■ **WHAT YOU WILL DO**
Repeat the listing exactly as given, omitting every image.
___ RECORDED DATA ___
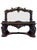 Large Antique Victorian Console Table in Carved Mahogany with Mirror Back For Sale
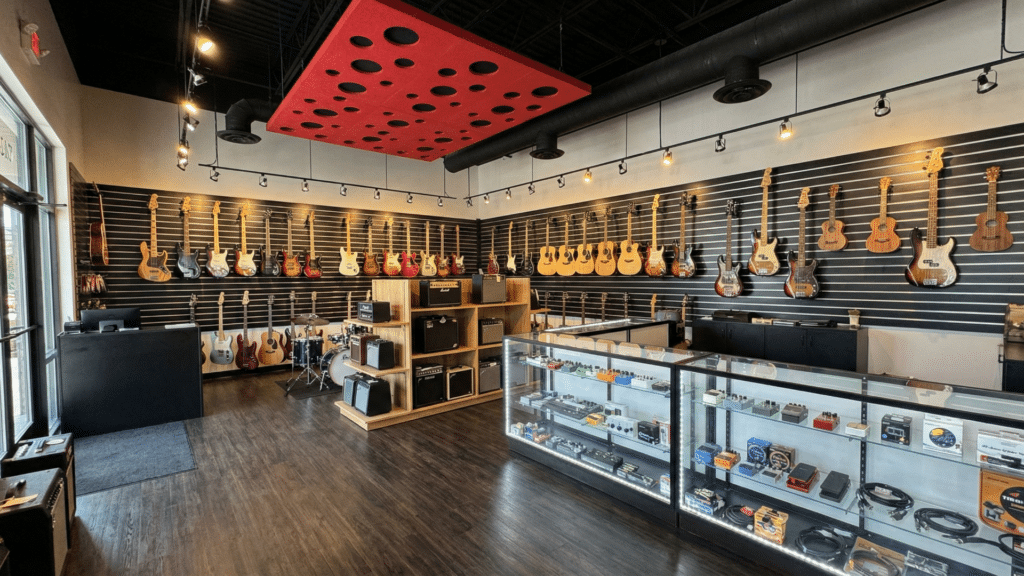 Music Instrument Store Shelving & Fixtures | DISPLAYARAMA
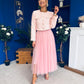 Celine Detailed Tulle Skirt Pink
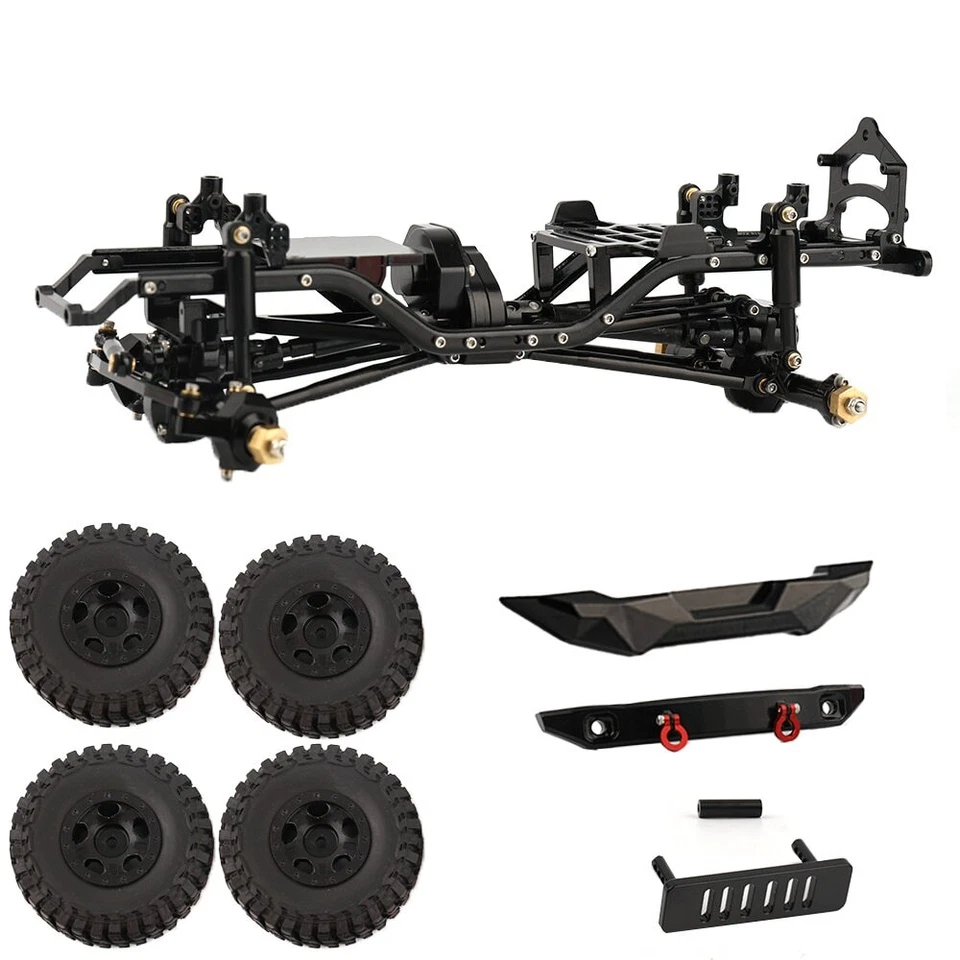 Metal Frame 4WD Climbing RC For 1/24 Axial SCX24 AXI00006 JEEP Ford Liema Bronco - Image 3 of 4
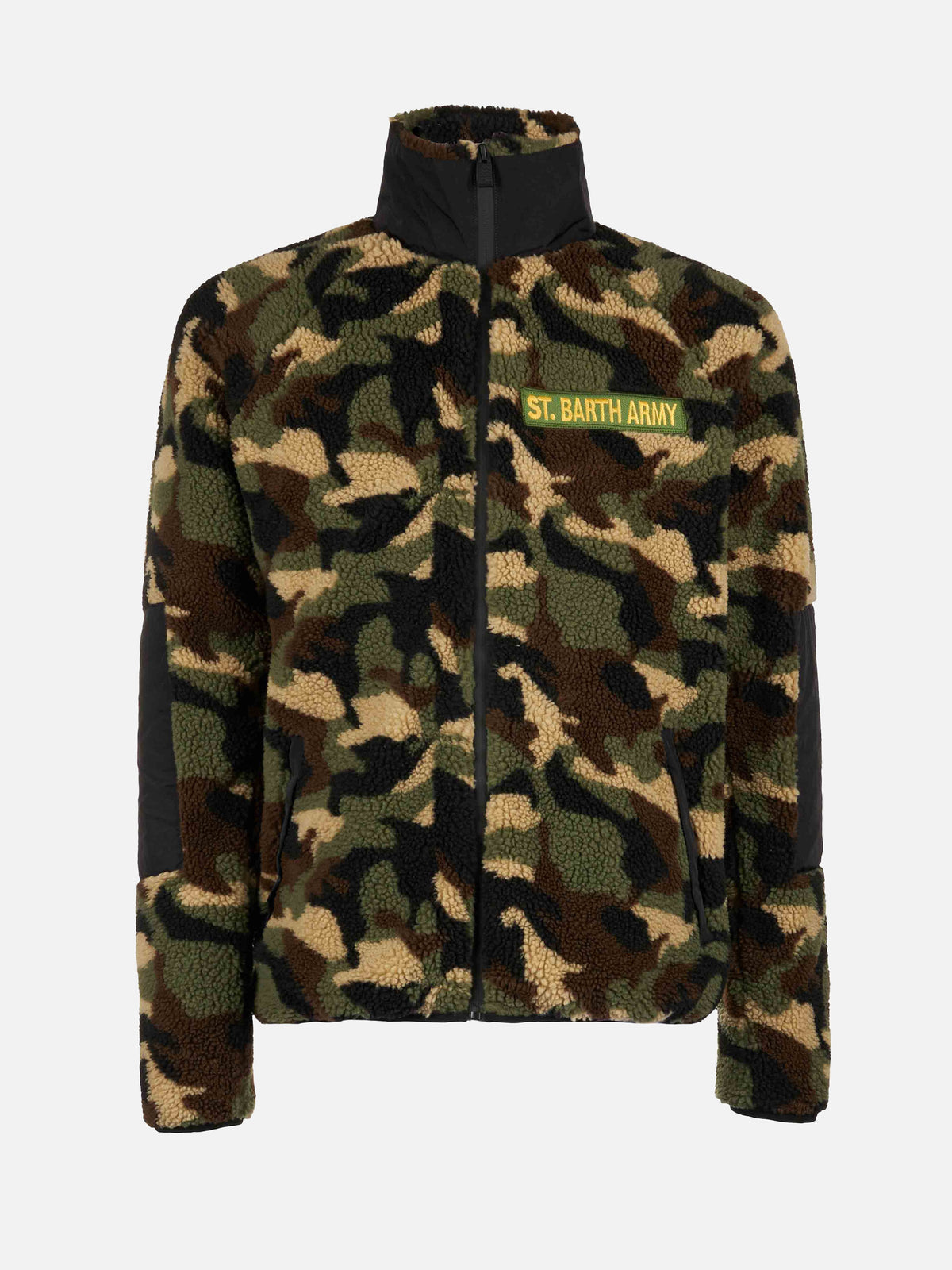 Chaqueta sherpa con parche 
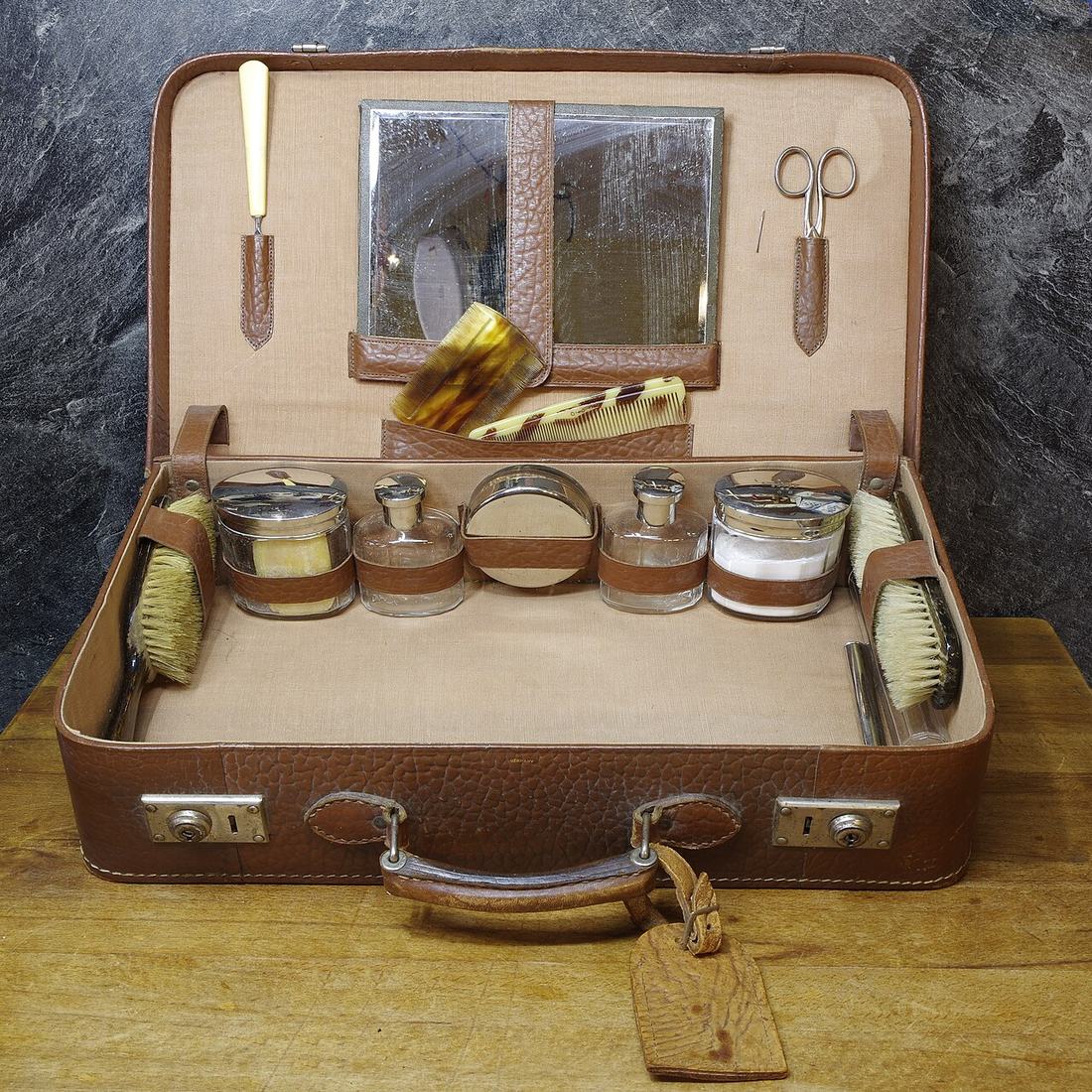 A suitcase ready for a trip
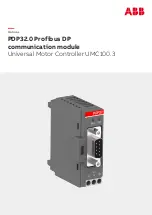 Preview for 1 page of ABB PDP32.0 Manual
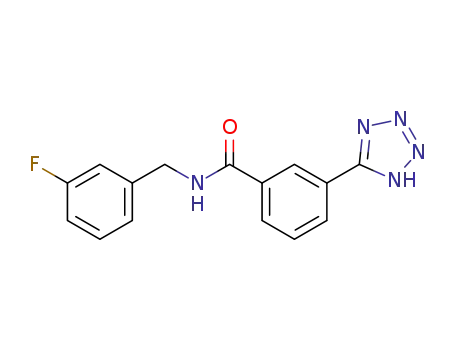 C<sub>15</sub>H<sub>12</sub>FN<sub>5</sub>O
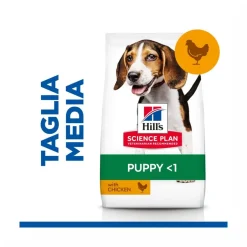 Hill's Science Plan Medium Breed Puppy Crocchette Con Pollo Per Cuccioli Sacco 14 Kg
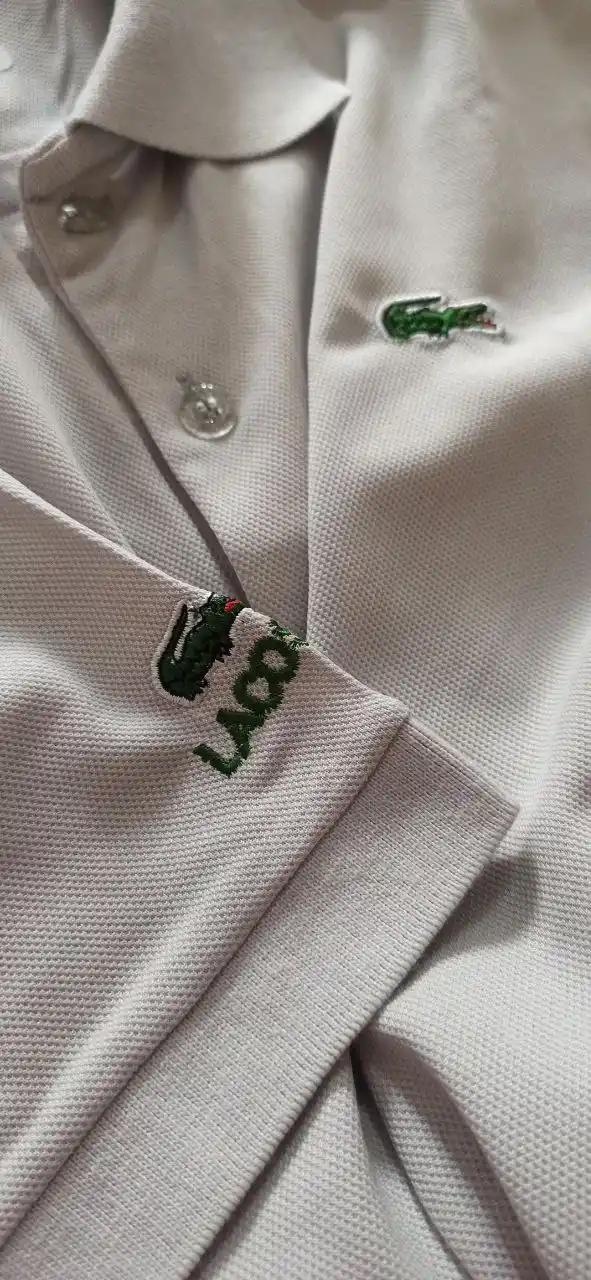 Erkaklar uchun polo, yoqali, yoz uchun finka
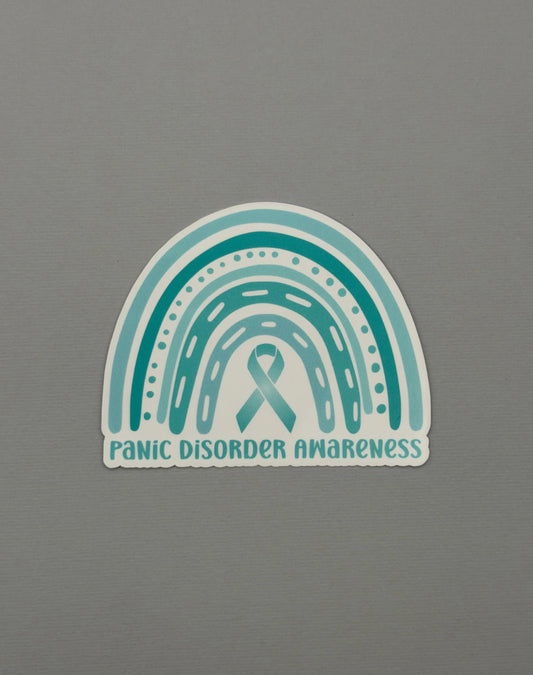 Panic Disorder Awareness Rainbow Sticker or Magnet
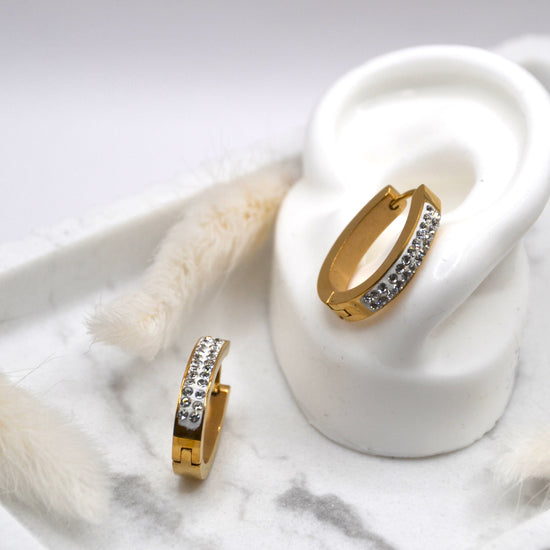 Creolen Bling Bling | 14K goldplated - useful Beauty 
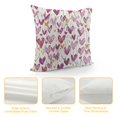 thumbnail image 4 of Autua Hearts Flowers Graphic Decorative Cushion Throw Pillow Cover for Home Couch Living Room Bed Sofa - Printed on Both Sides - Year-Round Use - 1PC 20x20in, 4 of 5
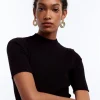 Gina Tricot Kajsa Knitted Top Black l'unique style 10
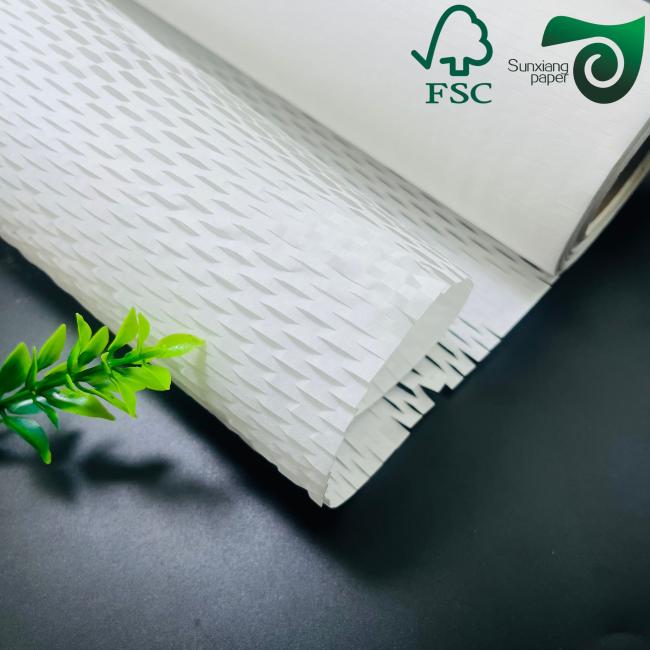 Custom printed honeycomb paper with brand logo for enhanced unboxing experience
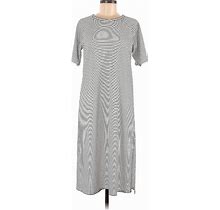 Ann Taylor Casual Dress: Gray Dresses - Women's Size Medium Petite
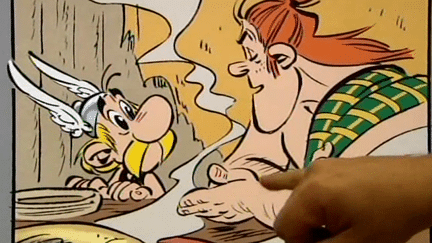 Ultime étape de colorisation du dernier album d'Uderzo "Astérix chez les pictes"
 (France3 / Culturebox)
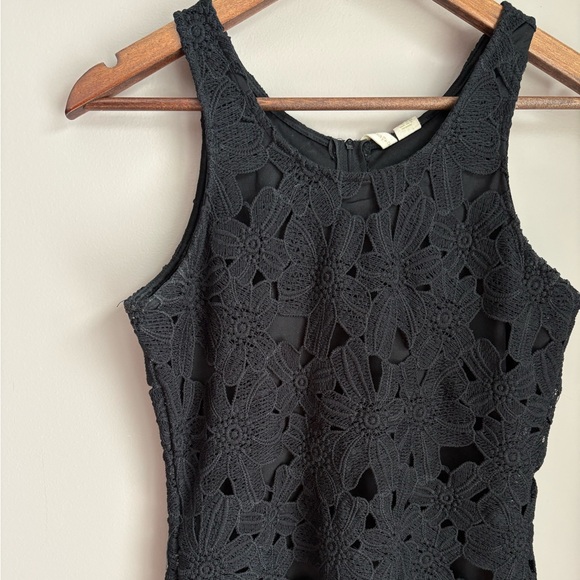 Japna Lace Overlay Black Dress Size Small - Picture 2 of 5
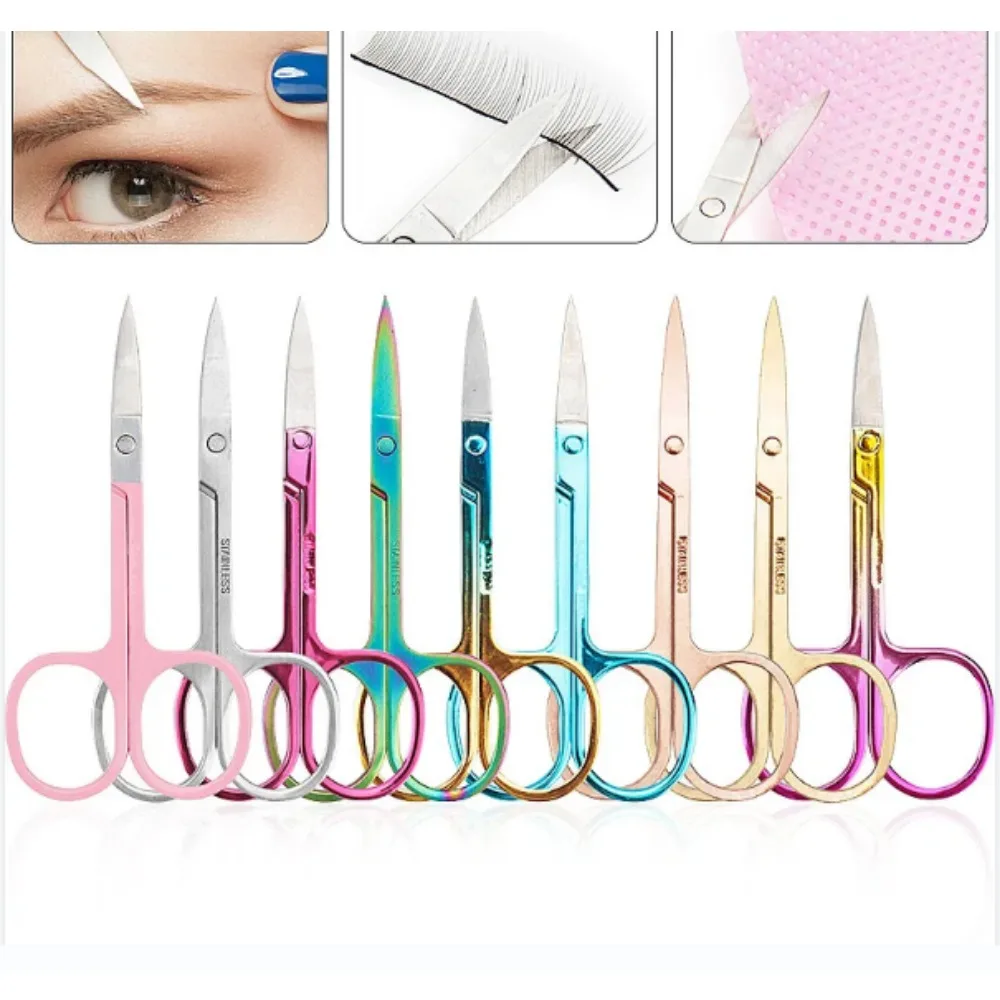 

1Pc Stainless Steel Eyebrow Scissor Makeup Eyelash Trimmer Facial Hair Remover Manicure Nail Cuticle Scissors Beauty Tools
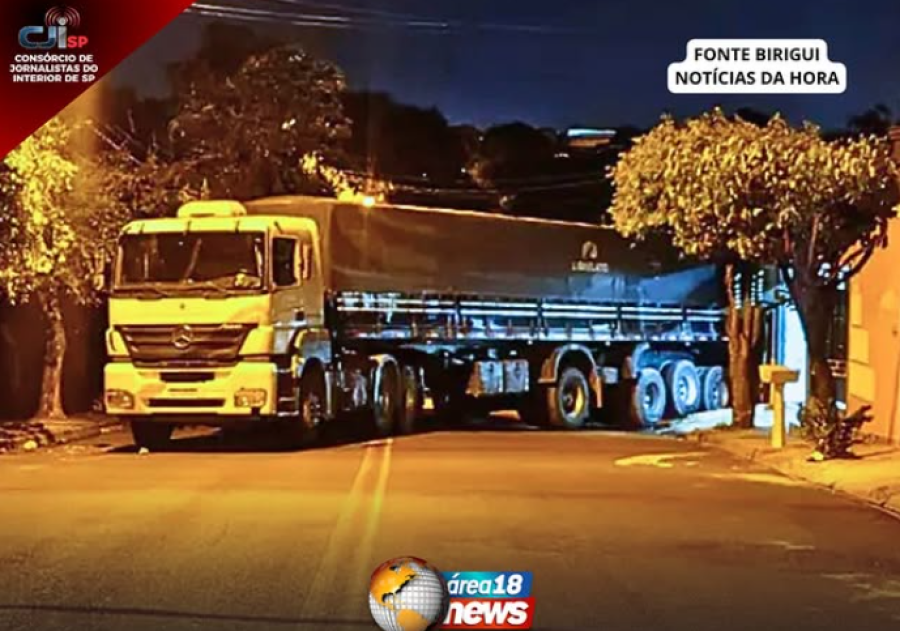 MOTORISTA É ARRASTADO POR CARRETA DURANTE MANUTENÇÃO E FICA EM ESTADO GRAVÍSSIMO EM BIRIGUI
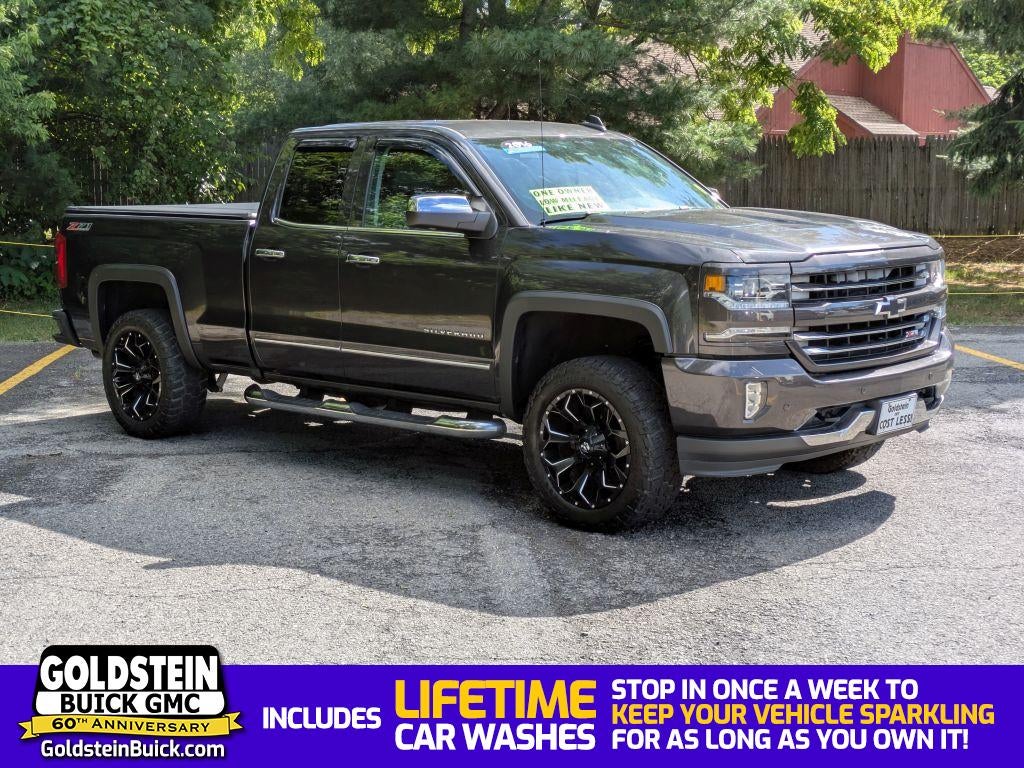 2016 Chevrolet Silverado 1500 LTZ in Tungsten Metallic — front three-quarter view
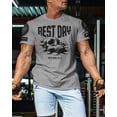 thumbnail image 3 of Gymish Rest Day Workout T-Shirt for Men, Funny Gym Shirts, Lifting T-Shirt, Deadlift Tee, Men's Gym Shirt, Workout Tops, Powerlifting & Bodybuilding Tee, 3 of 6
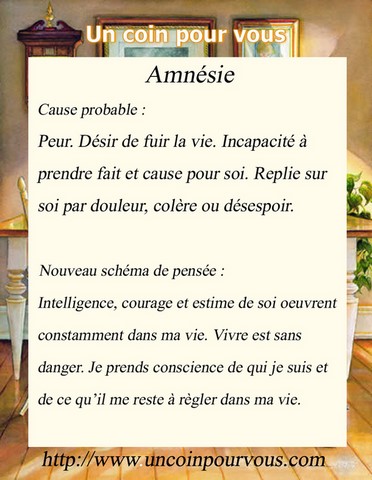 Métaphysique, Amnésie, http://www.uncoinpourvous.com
___
■ **SOLVED PROBLEM**
 Large Antique Victorian Console Table in Carved Mahogany with Mirror Back For Sale
 Music Instrument Store Shelving & Fixtures | DISPLAYARAMA
 Celine Detailed Tulle Skirt Pink
 Metal Frame 4WD Climbing RC For 1/24 Axial SCX24 AXI00006 JEEP Ford Liema Bronco - Image 3 of 4
 Chaqueta sherpa con parche 
 A suitcase ready for a trip
 Preview for 1 page of ABB PDP32.0 Manual
 C<sub>15</sub>H<sub>12</sub>FN<sub>5</sub>O
 Hill's Science Plan Medium Breed Puppy Crocchette Con Pollo Per Cuccioli Sacco 14 Kg
 Erkaklar uchun polo, yoqali, yoz uchun finka
 Panic Disorder Awareness Rainbow Sticker or Magnet
 Creolen Bling Bling | 14K goldplated - useful Beauty 
 thumbnail image 4 of Autua Hearts Flowers Graphic Decorative Cushion Throw Pillow Cover for Home Couch Living Room Bed Sofa - Printed on Both Sides - Year-Round Use - 1PC 20x20in, 4 of 5
 Gina Tricot Kajsa Knitted Top Black l'unique style 10
 Custom printed honeycomb paper with brand logo for enhanced unboxing experience
 Ann Taylor Casual Dress: Gray Dresses - Women's Size Medium Petite
 Ultime étape de colorisation du dernier album d'Uderzo "Astérix chez les pictes"
 (France3 / Culturebox)
 Japna Lace Overlay Black Dress Size Small - Picture 2 of 5

1Pc Stainless Steel Eyebrow Scissor Makeup Eyelash Trimmer Facial Hair Remover Manicure Nail Cuticle Scissors Beauty Tools
 MOTORISTA É ARRASTADO POR CARRETA DURANTE MANUTENÇÃO E FICA EM ESTADO GRAVÍSSIMO EM BIRIGUI
 2016 Chevrolet Silverado 1500 LTZ in Tungsten Metallic — front three-quarter view
 thumbnail image 3 of Gymish Rest Day Workout T-Shirt for Men, Funny Gym Shirts, Lifting T-Shirt, Deadlift Tee, Men's Gym Shirt, Workout Tops, Powerlifting & Bodybuilding Tee, 3 of 6
 Métaphysique, Amnésie, http://www.uncoinpourvous.com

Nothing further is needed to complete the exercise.